Evans v. United Services Automobile Ass'n

541 S.E.2d 782, 142 N.C. App. 18, 2001 N.C. App. LEXIS 48
CourtCourt of Appeals of North Carolina
DecidedFebruary 6, 2001
DocketCOA99-1162
StatusPublished
Cited by54 cases

This text of 541 S.E.2d 782 (Evans v. United Services Automobile Ass'n) is published on Counsel Stack Legal Research, covering Court of Appeals of North Carolina primary law. Counsel Stack provides free access to over 12 million legal documents including statutes, case law, regulations, and constitutions.

Bluebook
Evans v.
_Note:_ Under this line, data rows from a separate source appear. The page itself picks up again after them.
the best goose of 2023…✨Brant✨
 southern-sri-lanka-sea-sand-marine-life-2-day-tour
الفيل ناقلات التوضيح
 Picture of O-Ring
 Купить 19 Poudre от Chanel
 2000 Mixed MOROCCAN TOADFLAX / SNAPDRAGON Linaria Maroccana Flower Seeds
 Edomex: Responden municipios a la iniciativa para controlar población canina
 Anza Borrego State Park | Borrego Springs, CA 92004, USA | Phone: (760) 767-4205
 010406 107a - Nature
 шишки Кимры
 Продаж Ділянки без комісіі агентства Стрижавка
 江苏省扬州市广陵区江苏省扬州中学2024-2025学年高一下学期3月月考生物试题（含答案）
United Services Automobile Ass'n, 541 S.E.2d 782, 142 N.C. App. 18, 2001 N.C. App. LEXIS 48 (N.C. Ct. App. 2001).

Opinion

HORTON, Judge.

Both plaintiff and defendants appeal from orders partially granting requests for the production of documents. Such interlocutory discovery orders are generally not appealable because they usually do not affect a substantial right that would be lost if the trial court’s rulings are not reviewed before final judgment. Mack v. Moore, 91 N.C. App. 478, 480, 372 S.E.2d 314, 316 (1988), disc. review denied, 323 N.C. 704, 377 S.E.2d 225 (1989). Plaintiff moves to dismiss defendants’ appeal as interlocutory, while defendants argue that, because the trial court’s orders require that they produce material protected by the attorney-client privilege, their appeal involves a substantial right. We agree with defendants’ contention.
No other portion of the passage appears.